A história continuava, e a cada palavra Lytharia revelava o peso de uma era marcada pela opressão e pela luta pela sobrevivência. Ela continuou, a voz embargada, e seu olhar fixo em Raven, como se desejasse que ele pudesse compreender o quão profunda era a dor e a resistência de seu povo.
— “Durante a Terceira Era,” ela começou, “as guerras começaram de verdade. Os humanos não queriam mais apenas coexistir. Eles queriam poder, território, e conhecimento místico que nunca lhes pertenceu. Roselle e seus sucessores atacaram primeiro os gigantes, buscando o que eles chamavam de ‘Stealt’, um metal raro, dotado de força mágica incrível. Os humanos descobriram que, com ele, poderiam criar armas que conduzem magia. Assim, suas espadas se tornaram capazes de gerar chamas e relâmpagos, e as armaduras se tornaram impenetráveis. Não sei como, mas eles aprenderam a explorar esse metal para dominar a magia, sem a necessidade de um mago para conjurar magias.
Raven franziu o cenho, intrigado. Ele pensou em algo, uma possível conexão com a língua rúnica, mas rapidamente descartou. Aqueles soldados que enfrentou não demonstraram nenhum entendimento básico de magia rúnica.
Lytharia fez uma pausa e retomou o fôlego, enquanto Raven absorvia cada detalhe.
— “Depois, voltaram-se contra os anões,” continuou ela. “Os artesãos mais talentosos, as fêmeas e os arquitetos foram escravizados. Eles queriam o conhecimento dos anões sobre armas e construção. Aqueles que conseguiram fugir vivem hoje em isolamento, sempre perseguidos. A mão dos anões ergueu as muralhas do império, fortificadas com magia e camadas de barreiras. Hoje, seu domínio é quase impenetrável.”
A intensidade na voz de Lytharia aumentou, enquanto os detalhes se tornavam ainda mais sombrios.
— “Nós, elfos, nos refugiamos nesta floresta, Ashmere. Ela recebeu o nome de nosso protetor ancestral, que pereceu há séculos defendendo o território contra a invasão humana. Mas nem mesmo seu sacrifício deteve a ganância deles.”
Lytharia apertou os punhos, e Raven viu em seus olhos a dor de alguém que perdera muitos ao longo dos anos.
— Todos os dias eles avançam, tomam nosso território e levam nosso povo. Aqueles que resistem são massacrados. As vilas que se recusam a cooperar são dizimadas. E aqueles que são capturados… se tornam escravos, objetos sexuais ou experimentos para fortalecer os humanos.

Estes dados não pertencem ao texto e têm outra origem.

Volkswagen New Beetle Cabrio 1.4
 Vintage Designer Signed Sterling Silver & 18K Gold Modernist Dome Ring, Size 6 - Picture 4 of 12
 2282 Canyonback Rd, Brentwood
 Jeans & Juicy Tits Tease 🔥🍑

Raven a observava em silêncio, as revelações batendo sobre ele como uma tempestade.
— Eles exploram a madeira elemental de nossa floresta para armas e rituais mágicos. Até mesmo o sangue élfico, refinado em poções, aumenta a vida dos humanos que o consomem.
Os olhos de Lytharia brilharam com lágrimas contidas, enquanto Raven, abalado pelo relato, sentia um misto de raiva e nojo crescer em seu peito. Ele sabia da crueldade humana, mas ouvir sobre a ganância impiedosa que esmagava e destruía tantas vidas era um golpe brutal. Ele suspirou, a voz tensa, e murmurou apenas:
— Sinto muito…
Lytharia balançou a cabeça, os lábios tremendo enquanto tentava esconder a própria dor.
— “Não há por que se desculpar,” ela disse, a voz marcada pela tristeza e uma aceitação amarga. “Você não esteve envolvido. E pela sua reação, sei que você é diferente. Quando nascemos, já vivíamos sob a lâmina dos humanos. Muitos de nós perderam pessoas queridas , é a realidade que nos impuseram. Mas não temos forças para enfrentá-los… ainda não.”
O peso de suas palavras pairou no ar, e ambos continuaram em silêncio, o som dos passos se mesclando ao sussurro da floresta ao redor. Raven, perdido em seus pensamentos, sabia que as respostas para seus questionamentos viriam com o tempo. Ele decidiu que não forçaria Lytharia a reviver mais lembranças dolorosas por enquanto.
A vila, que antes parecia apenas um ponto em meio à floresta, agora tinha um significado muito maior. Raven percebeu que sua
s ações ali não seriam apenas uma luta por si mesmo, mas por um povo que já perdera tanto e vivia à beira da extinção.